Referring to FIGS. 14-16, an exemplary page display of an external device, such as a general-purpose computer 24 connected to the database 14 via a web browser is shown. Although the information described with respect to FIGS. 14-16 may also be displayed on a mobile device such as a smartphone, it is preferably displayed in a more readable, user-friendly format, on a full-sized screen. In this example, crimp information and other tool data for one or more tools 100 has been transferred into the database 14. After general-purpose computer 24 is logged onto the present website via a web browser, an exemplary tool information page 395 of the website is displayed on the computer display as shown in FIG. 14. The tool information and other tool data from the database 14 may be displayed in a window titled “Tool Roster 331” or “Roster” of a web page loaded onto the computer 24. This tool information and other tool data in the Tool Roster 331 may be presented as a table showing an alpha-numeric identifier for each tool 100, e.g., “Serial No. 397,” another alpha-numeric identifier showing the model number 398 for each tool 100, e.g., “Model,” a tool “Nickname 399” identifier which the tool manager or user may assign for each tool 100, a time stamp for each last sync 396 of tool information, e.g., a date and time 328 for each last sync 396 of tool information, an email and/or name of a last tool user 394, e.g., “Tool User,” a time stamp for the last known location which may also include an icon 390 showing the tool's battery charge, e.g., “Last Known Location 339.”

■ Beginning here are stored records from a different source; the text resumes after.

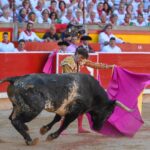 Pamplona, domingo 14 de julio de 2019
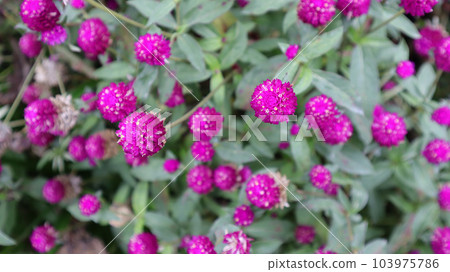 Vibrant purple bright colored Gomphrena globosa flower blooming in garden. 103975786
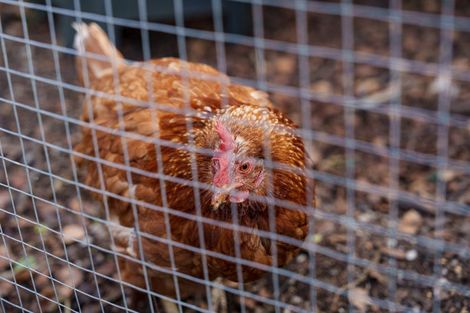 Photo of property in 20 Hargest Crescent, Saint Kilda, Dunedin, 9012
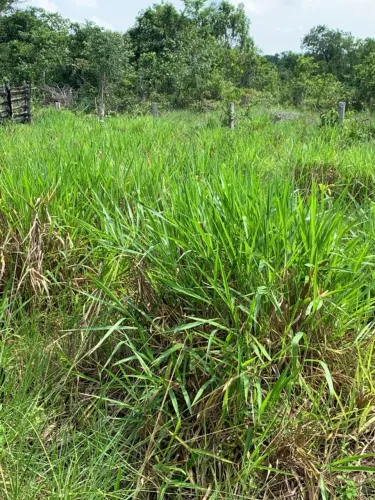 FAZENDA AMAPÁ - ARAGUAÍNA TOCANTINS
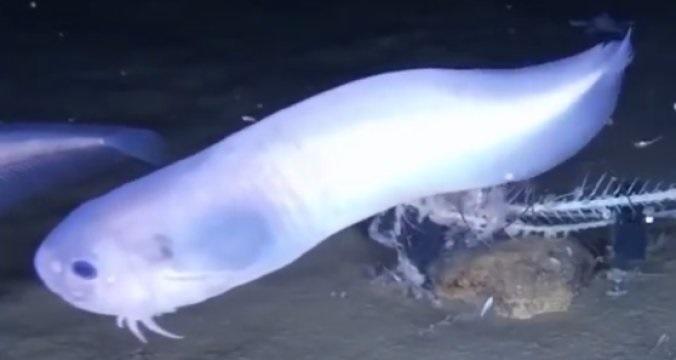 На дне Тихого океана обнаружены три новых вида рыб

Continuing to refer to FIG. 14, a user can search the Tool Roster for a specific tool using the search box 329 by typing in the desired tool's serial number or nickname to quickly find the tool 100. It is also contemplated that a search may be made using the Last User information to generate a list of tools that were last used by a specific tool user.

According to an embodiment, the tool information retrieved from database 14 based on the selected or entered filter criteria may also be displayed graphically on a map, as seen in FIG. 14. In the exemplary embodiment of FIG. 14, the location of each tool 100 is overlaid on the map shown in FIG. 13. Icons 321 can be used to display the location of the tools on the map. The icons 321 may have a typographical designation or color coding, e.g., Green, Yellow or Red, to indicate the level of charge of the battery 170 of the tool. The map may include landmark information, such as the location and names of towns, streets, power lines, transmission towers, buildings and the like to provide the tool manager or the tool user with information to show the location of the tools. The Last Known Location column may include a link, e.g., “Click to View,” 339 that allows a user to single out the desired tool's location on the map. A tool user may also click on icon 512 as shown in FIG. 8 to show the location of the tools on the Tool Roster or the tools that were identified from a search result as previously described.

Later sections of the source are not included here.